Car-Car Crash Compatibility: Development of Crash Test Procedures in the VC-COMPAT Project
Artikel i vetenskaplig tidskrift, 2007
The project “Improvement of Vehicle Crash Compatibility through the development of Crash Test Procedures” (VC-Compat) is a research activity sponsored under the European Commission 5th Framework Programme. It consists of two parallel research activities, one focusing on car-to-car compatibility and the other on car-to-truck compatibility. The main objective of the car-to-car research is the development of crash test procedures to assess frontal impact crash compatibility. The car-to-truck objective is to develop test methods to assess energy absorbing frontal underrun protection for trucks. This paper reports on the car-to-car compatibility work completed in the first 36 months of a 45 month project.

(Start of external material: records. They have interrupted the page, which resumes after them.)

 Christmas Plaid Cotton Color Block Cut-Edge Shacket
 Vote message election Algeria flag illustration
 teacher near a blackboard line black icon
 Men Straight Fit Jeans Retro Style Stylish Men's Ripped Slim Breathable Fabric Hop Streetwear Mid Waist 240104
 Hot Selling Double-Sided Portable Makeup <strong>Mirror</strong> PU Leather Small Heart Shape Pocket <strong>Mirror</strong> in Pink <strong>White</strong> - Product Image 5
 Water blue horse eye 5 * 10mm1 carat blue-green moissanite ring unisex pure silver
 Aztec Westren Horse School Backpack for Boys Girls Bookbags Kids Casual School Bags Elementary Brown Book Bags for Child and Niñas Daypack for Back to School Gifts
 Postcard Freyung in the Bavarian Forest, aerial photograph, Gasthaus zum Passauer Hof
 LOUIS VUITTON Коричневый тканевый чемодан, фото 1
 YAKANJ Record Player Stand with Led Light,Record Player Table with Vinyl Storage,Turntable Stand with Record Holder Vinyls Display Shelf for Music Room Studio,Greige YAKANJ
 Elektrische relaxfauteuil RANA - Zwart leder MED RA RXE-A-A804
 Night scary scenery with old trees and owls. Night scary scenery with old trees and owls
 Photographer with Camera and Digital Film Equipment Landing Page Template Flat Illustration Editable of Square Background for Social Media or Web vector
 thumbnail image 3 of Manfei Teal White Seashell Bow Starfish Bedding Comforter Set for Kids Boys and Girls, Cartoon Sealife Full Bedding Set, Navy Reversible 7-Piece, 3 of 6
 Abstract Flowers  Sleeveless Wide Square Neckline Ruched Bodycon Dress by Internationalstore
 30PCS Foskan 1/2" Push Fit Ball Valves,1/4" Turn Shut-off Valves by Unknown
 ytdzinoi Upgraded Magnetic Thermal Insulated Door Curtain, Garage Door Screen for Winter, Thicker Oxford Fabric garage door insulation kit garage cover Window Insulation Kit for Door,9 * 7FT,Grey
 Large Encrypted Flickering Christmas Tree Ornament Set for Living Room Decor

The car-to-car work program is comprised of four main activities, a structural survey, cost benefit analyses, crash testing, and supporting modelling work. A survey of European passenger vehicles has been conducted to construct a database of common crashworthiness structures and general car structures. A review of the detailed accident databases and national data in Germany and UK has been used to estimate the benefit expected from improved vehicle compatibility. Crash testing (car-to-car and car-to-barrier) has been used to identify desirable characteristics for vehicle crash compatibility as well as help determine assessment protocols to evaluate (quantify) compatible crash performance. A set of complementary modelling activities has been implemented to review crash test and fleet performance of vehicles to investigate the crash test procedures and their influence on road safety. All these activities have focussed on the development of a suite of test procedures that are capable of assessing a car’s structural interaction potential, namely the Full Width Deformable Barrier (FWDB) and Progressive Deformable Barrier (PDB) tests. These tests have different approaches; the FWDB assessment is based on Load Cell Wall force measurements whereas the PDB assessment is based on deformation measurements.
This work supports the activities of the European Enhanced Vehicle safety Committee (EEVC) frontal impact and compatibility working group (WG15), which has the task to propose draft test procedures to assess a vehicle’s crash compatibility in 2007. These draft procedures will include recommended assessment criteria and associated performance limits.